Material to process Start Marker

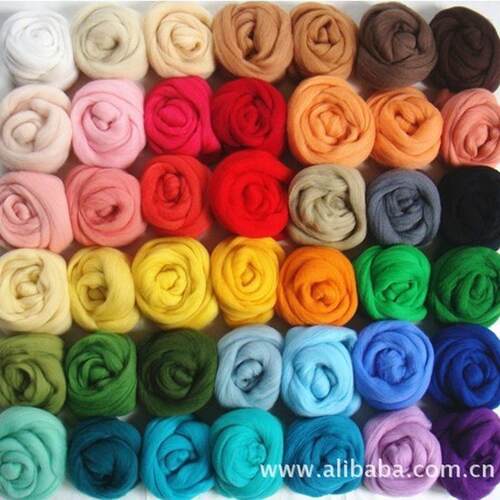 70s彩色羊支持（毛条自选颜色）美利奴羊毛条戳戳乐工厂直供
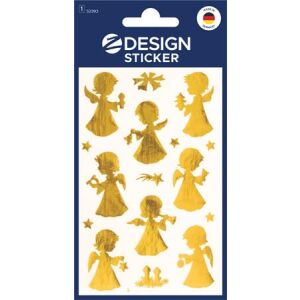 Matrica,  2 ív, 76x120 mm, AVERY ZWECKFORM, "Z-Design No.52393", arany angyalkák 146519489 - Ablakmatrica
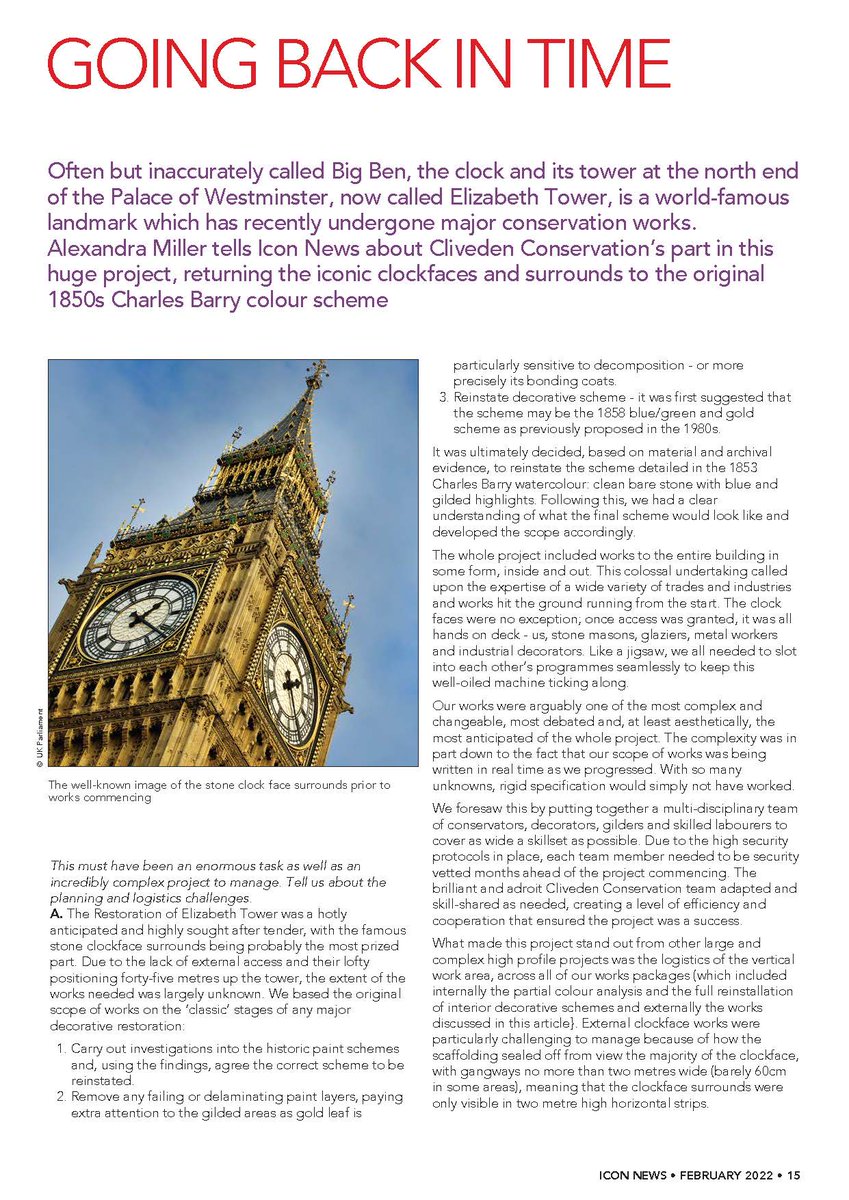 Feb edition @Conservators_UK mag is available online. Includes an interview with our Senior Projects Manager, Alexandra Miller, about returning Elizabeth Tower back to its original 1850’s Charles Barry colour scheme. @UKParliament #RestoringBigBen icon.org.uk/resources/icon…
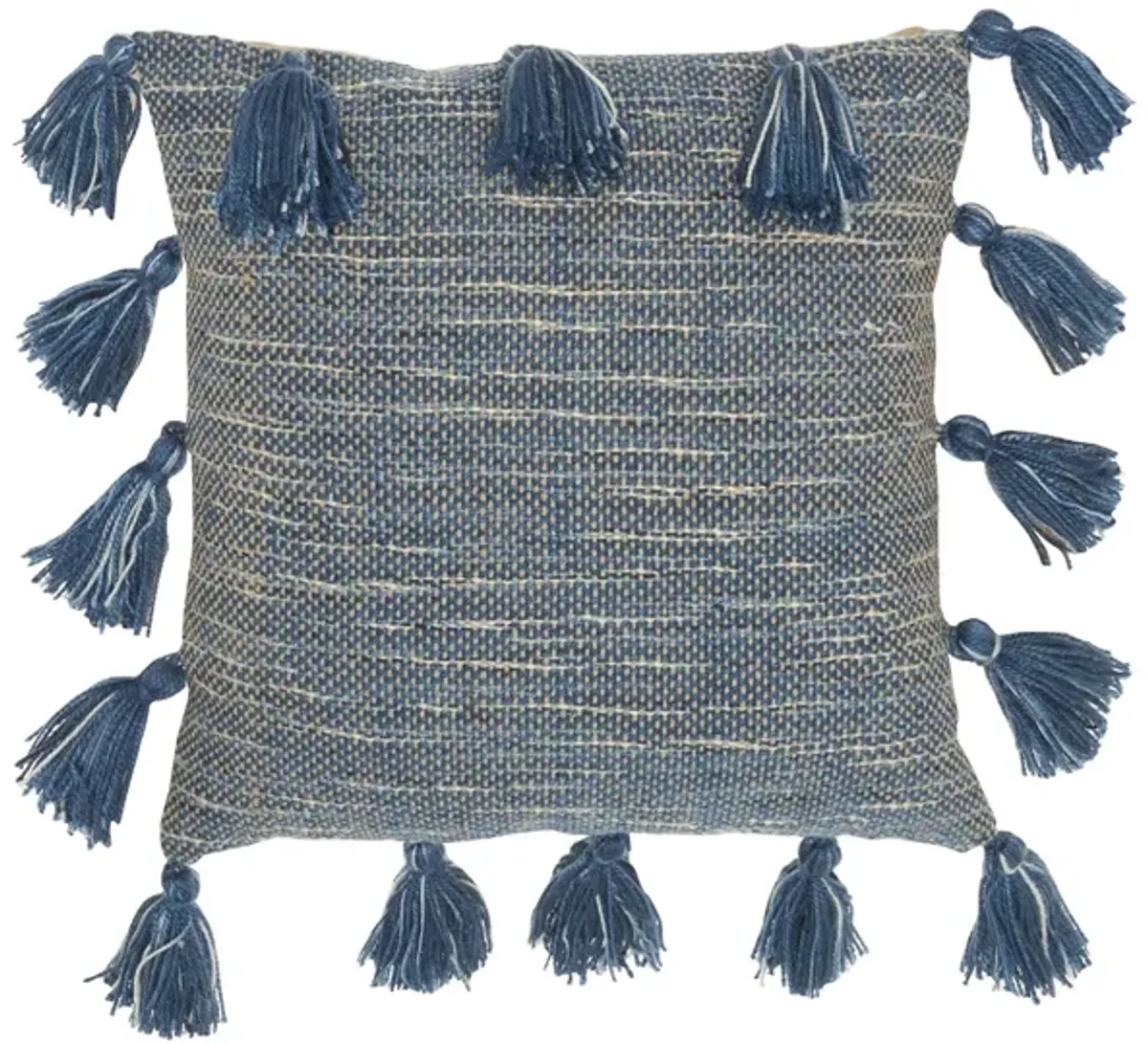 Mina Victory 18" Woven With Tassels Throw Pillow in Navy by Nourison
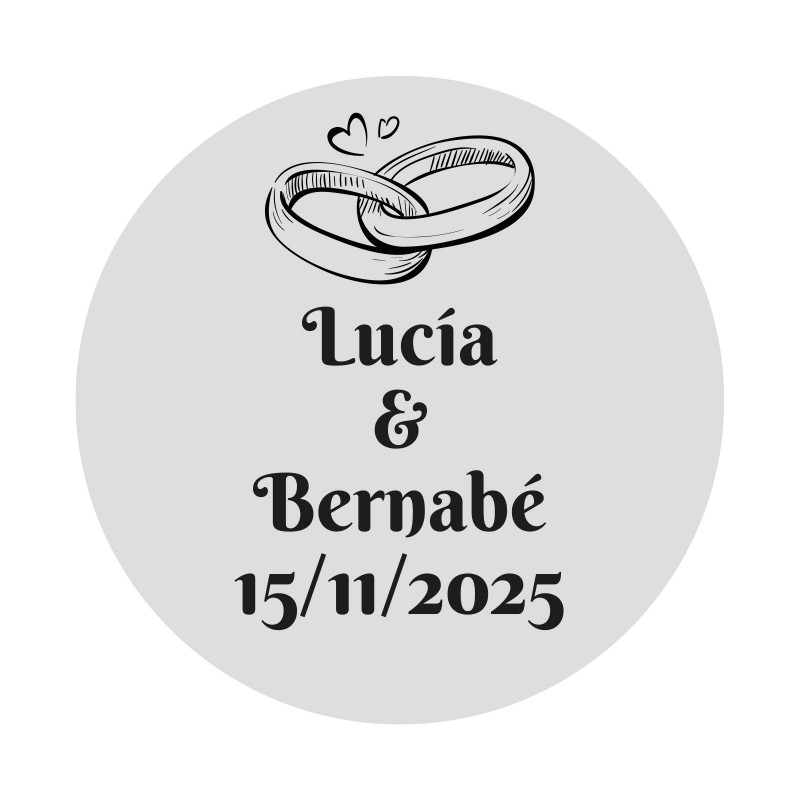 Adesivo personalizzato per matrimoni 3cm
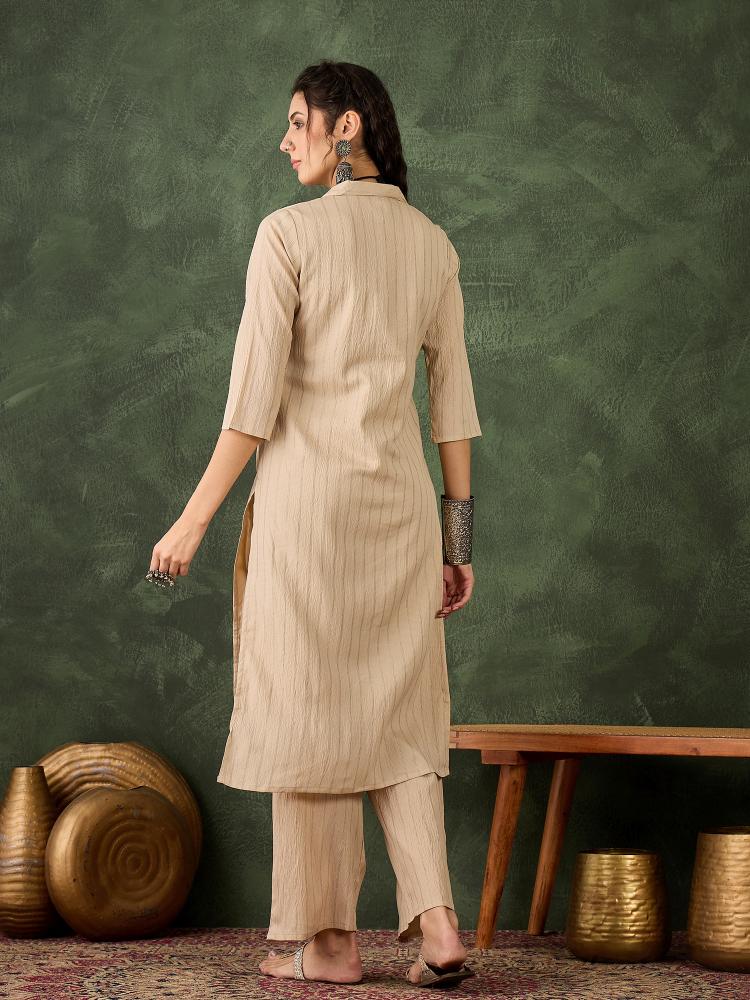 Cream Cotton Silk Blend Kurti Set — alternate view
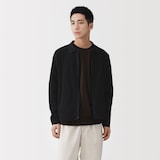 紳士　乾きやすい洗えるリブ編みニットブルゾン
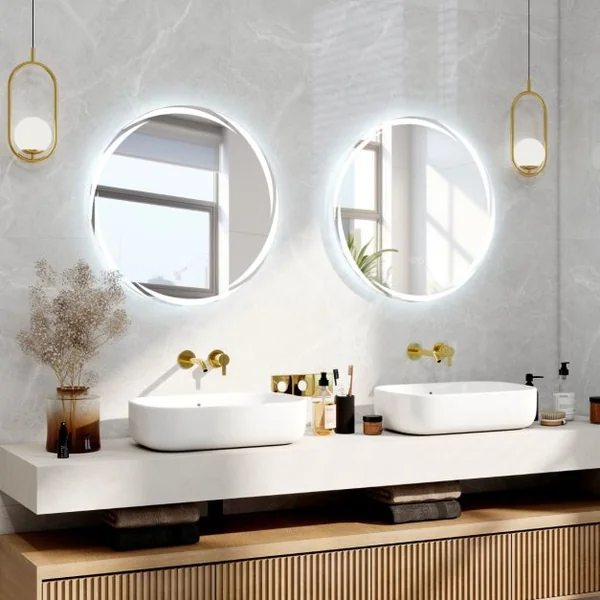 Miroir Mural LED 60 x 60 cm avec Lumières à Intensité Variable à 3 Couleurs Interrupteur Tactile Fonction Antibuée et Mémoire Sans Cadre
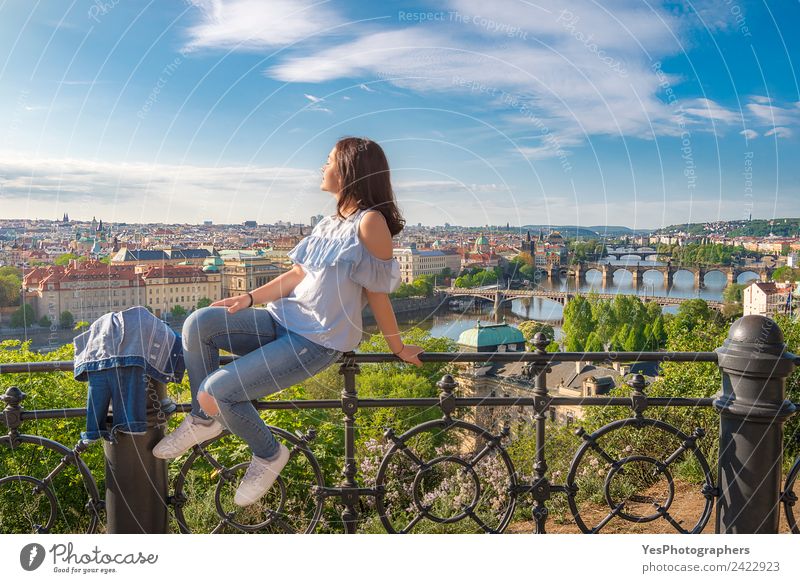 Woman on a fence and panorama of Prague City Lifestyle Beautiful Relaxation Vacation & Travel Summer Adults Art Old town Bridge Architecture Tourist Attraction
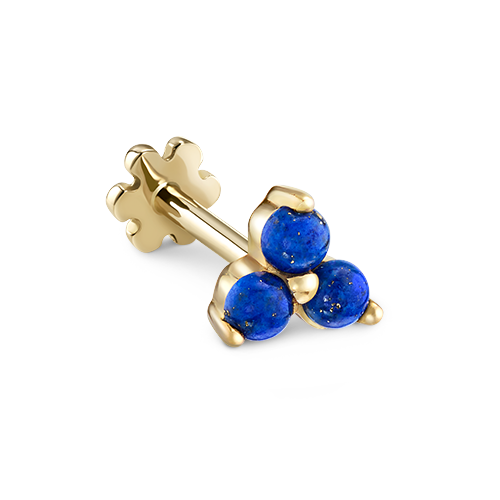 Lapis Trinity Threaded Stud Earring With Titanium Backing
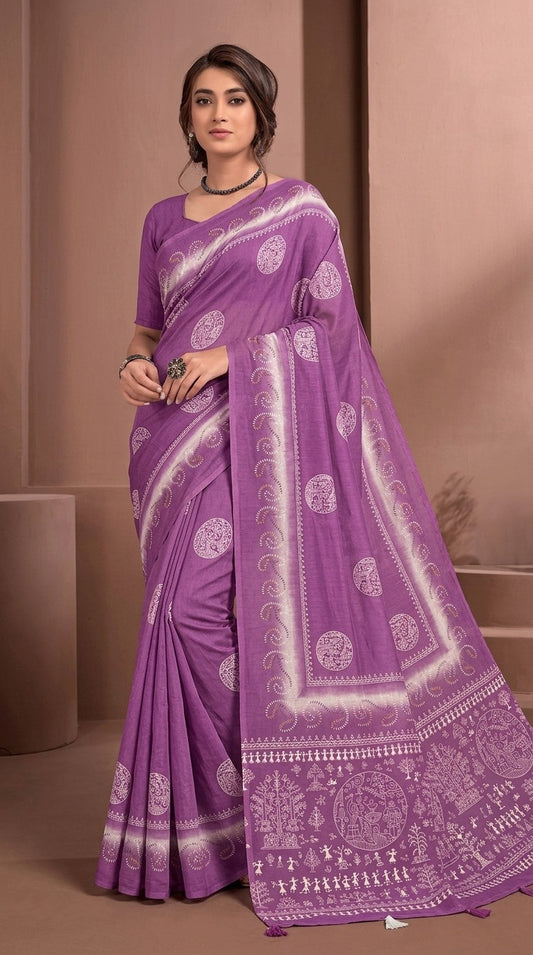 DP-4072 LINEN FABRIC SAREE WITH BEAUTIFUL RICH PALLU DESIGN WITH BANDHANI PRINT WITH BLOUSE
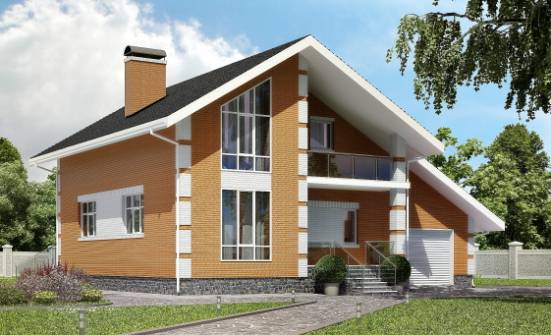 190-006-П Проект двухэтажного дома с мансардой, гараж, простой коттедж из пеноблока Темрюк | Проекты домов от House Expert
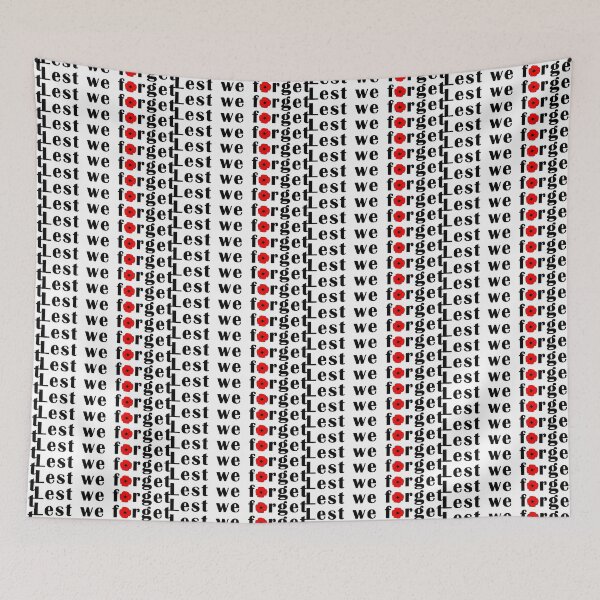 Item preview, Lest we forget Minimalist Remembrance Day red poppy typography (longitudinal) designed and sold by Deegital18.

Material to process End Marker

What is needed :: Would you restate, word for word and with no pictures, only the lines from the opening of the material through the line with "Cream Cotton Silk", both included?

Written answer ::
 70s彩色羊支持（毛条自选颜色）美利奴羊毛条戳戳乐工厂直供
 Matrica,  2 ív, 76x120 mm, AVERY ZWECKFORM, "Z-Design No.52393", arany angyalkák 146519489 - Ablakmatrica
 Feb edition @Conservators_UK mag is available online. Includes an interview with our Senior Projects Manager, Alexandra Miller, about returning Elizabeth Tower back to its original 1850’s Charles Barry colour scheme. @UKParliament #RestoringBigBen icon.org.uk/resources/icon…
 Mina Victory 18" Woven With Tassels Throw Pillow in Navy by Nourison
 Adesivo personalizzato per matrimoni 3cm
 Cream Cotton Silk Blend Kurti Set — alternate view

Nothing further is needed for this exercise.